Confusion about binomial and hypergeometric - (statistics)

hellomello · March 14, 2012, 4:52am

I have a question. Let’s say only 15 out of 50 job candidates can get the job at a company. (30%) Would an individual prefer sampling WITH replacement or sampling WITHOUT replacement, if they wanted to sample 5 job candidates from a pool of 50 candidates, HOPING that the 5 be one of the 15 that got the job??? I thought about it, and wrote out all the binomial and hyper-geometric probability distributions, but somewhere in the middle, the probabilities conflict so I am having trouble. *SIGH* Please help!!!

maratikus · March 14, 2012, 5:12pm

Conceptually it would make sense that you would be better off without replacement because the odds go up. Indeed, probability of having at least one successful candidate out of 5 with replacement is 1-(7/10)^5=0.8319 (approximately).

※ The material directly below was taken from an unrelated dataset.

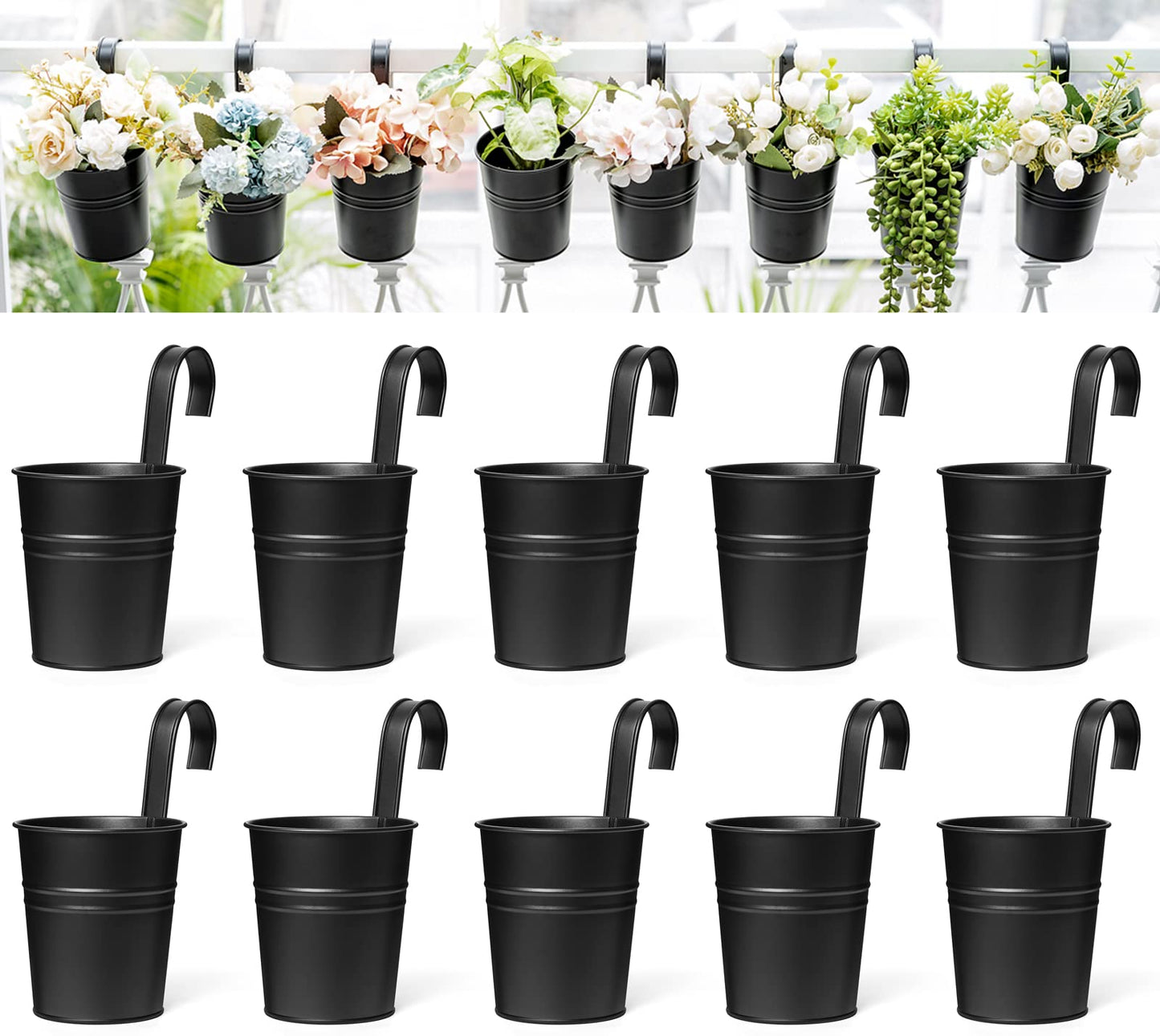 Dahey 10 Pcs 3.8 Inches Small Hanging Flower Pots Metal Iron Bucket Planter for Railing Fence Balcony Garden Home Decoration Flower Holders with Detachable Hooks, Black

Without replacement, it would be (C(15,1)*C(35,4)+C(15,2)*C(35,3)+C(15,3)*C(35,2)+C(15,4)*C(35,1)+C(15,5))/C(50,5)=0.8950. C(n,k)=n!/(k!*(n-k)!))

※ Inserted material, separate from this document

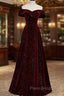 Burgundy Velvet Long Formal Prom Dresses Evening Dresses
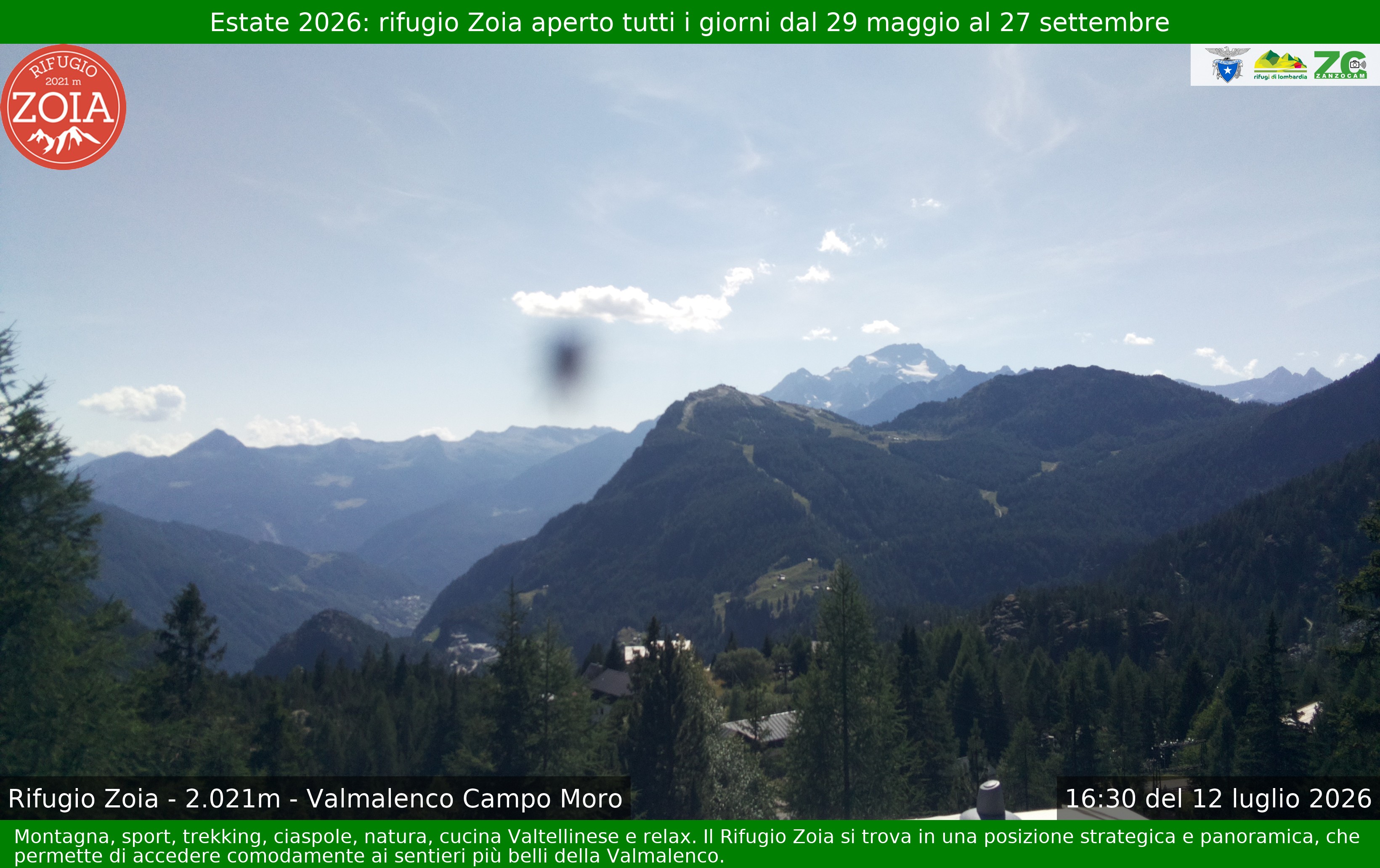 Archiv Foto Webcam Berghütte Zoia bei Chiesa in Valmalenco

bchad · March 14, 2012, 6:11pm

What would be the point of selecting candidates with replacement?

“I see we’ve got John Smith coming in for an interview, but you can only talk to him for 25 minutes, because we’ve got John Smith coming in after that…”

hellomello · March 14, 2012, 7:33pm

the odds from the hypergeometric (sampling without replacement) go up only when you calculate the probability of having at least one candidate out of 5 , and even 2 candidates out of 5; but then turns the other way and goes down when you reach 3 out of 5, 4 out of 5, and 5 out 5 when comparing the probabilties from the binomial (sampling with replacement). why does that happen? that’s why i was confused.

aaronhotchner · March 14, 2012, 8:18pm

With replacement:

0 successes: (5 choose 0) * 0.7^5 = 0.16807

1 success: (5 choose 1) * 0.3 * 0.7^4 = 0.36015

2 successes: (5 choose 2) * 0.3^2 * 0.7^3 = 0.30870

3 successes: (5 choose 3) * 0.3^3 * 0.7^2 = 0.13230

4 successes: (5 choose 4) * 0.3^4 * 0.7 = 0.02835

5 successes: (5 choose 5) * 0.3^5 = 0.00243

Without replacement:

0 successes: (15 choose 0) * (35 choose 5) / (50 choose 5) = 0.15322

1 success: (15 choose 1) * (35 choose 4) / (50 choose 5) = 0.37069

2 successes: (15 choose 2) * (35 choose 3) / (50 choose 5) = 0.32435

3 successes: (15 choose 3) * (35 choose 2) / (50 choose 5) = 0.12778

4 successes: (15 choose 4) * (35 choose 1) / (50 choose 5) = 0.02255

5 successes: (15 choose 5) * (35 choose 0) / (50 choose 5) = 0.00142

If you want to maximize the probability that “at least one of the 5 selected is part of the 15 accepted,” then you want the distribution with the smallest probability of 0 successes, and that’s hypergeometric.

If you want to maximize the probability of all 5 being part of the 15, you would definitely want “with replacement” because those 15 do not go away as you continue to draw candidates.

It depends on what you’re trying to do, basically.

maratikus · March 14, 2012, 9:22pm

The above result is very intuitive. No formulas are really needed but they are helpful to confirm the result.